§ YOUR OBJECTIVE: Output, exactly as written, the lines below starting at the line containing "Dark chocolate marzipan scone loaf" and ending at the line containing "Emuge - #10-32". Drop the pictures and keep both end lines.

§ SUPPLIED RECORDS:

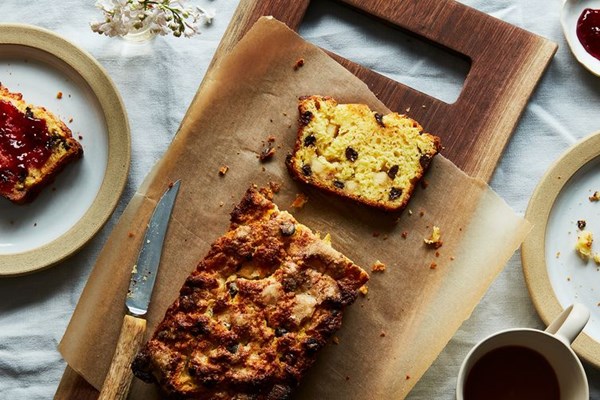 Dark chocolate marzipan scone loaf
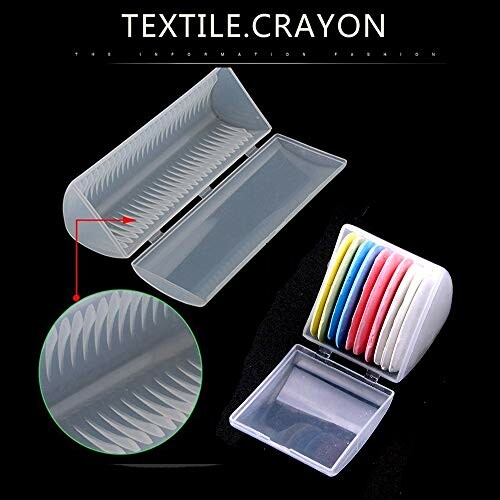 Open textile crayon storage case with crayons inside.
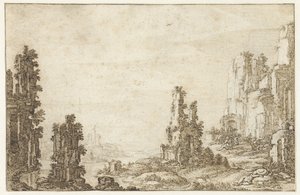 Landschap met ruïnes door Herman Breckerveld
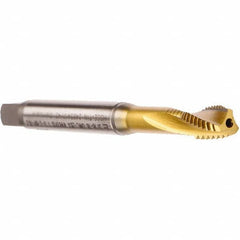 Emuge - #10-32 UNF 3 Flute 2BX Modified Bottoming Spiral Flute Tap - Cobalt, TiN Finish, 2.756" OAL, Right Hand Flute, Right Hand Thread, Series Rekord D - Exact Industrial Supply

...

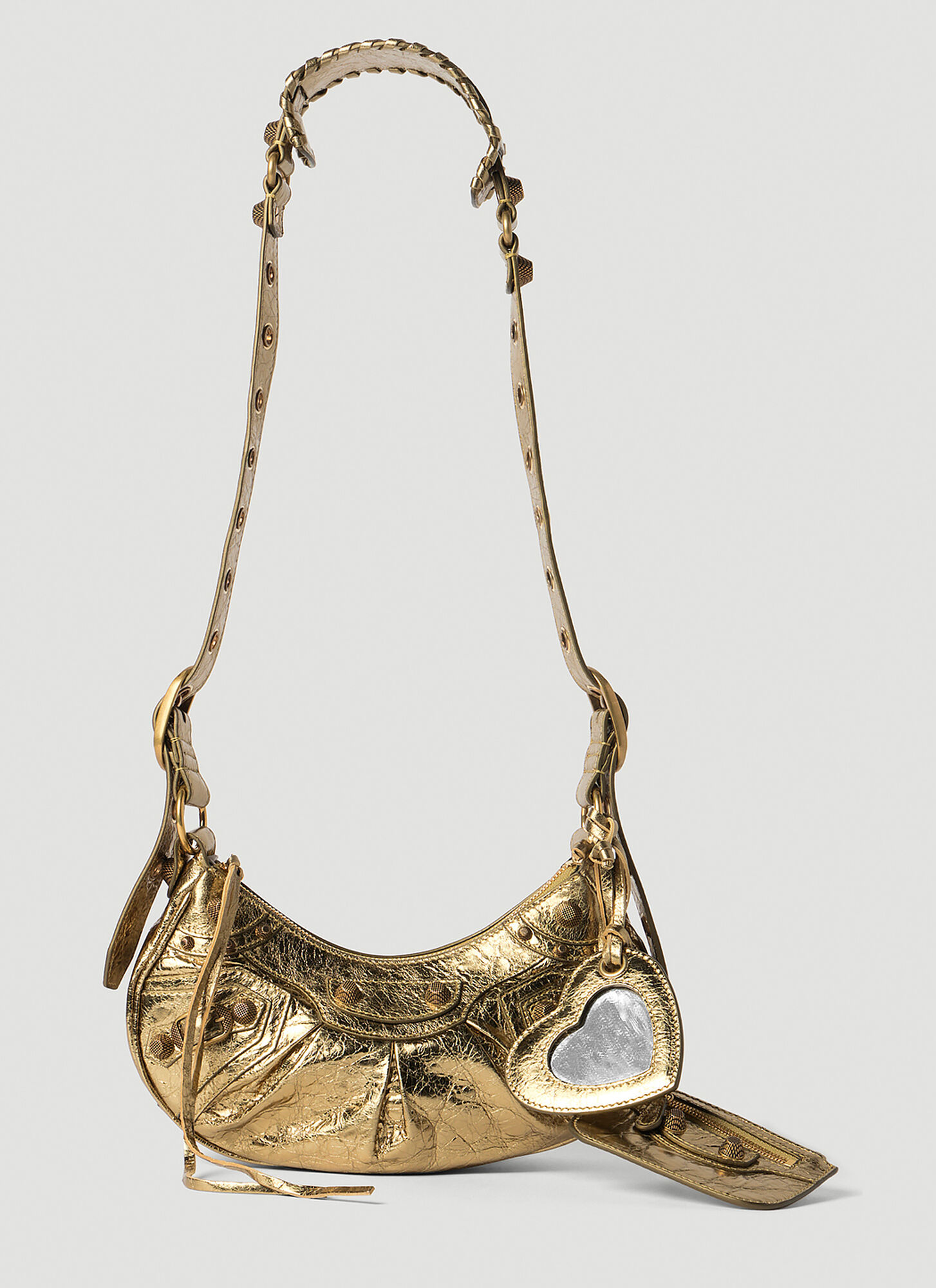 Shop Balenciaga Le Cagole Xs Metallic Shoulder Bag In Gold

§ WRITTEN RESPONSE:
 Dark chocolate marzipan scone loaf
 Open textile crayon storage case with crayons inside.
 Landschap met ruïnes door Herman Breckerveld
 Emuge - #10-32 UNF 3 Flute 2BX Modified Bottoming Spiral Flute Tap - Cobalt, TiN Finish, 2.756" OAL, Right Hand Flute, Right Hand Thread, Series Rekord D - Exact Industrial Supply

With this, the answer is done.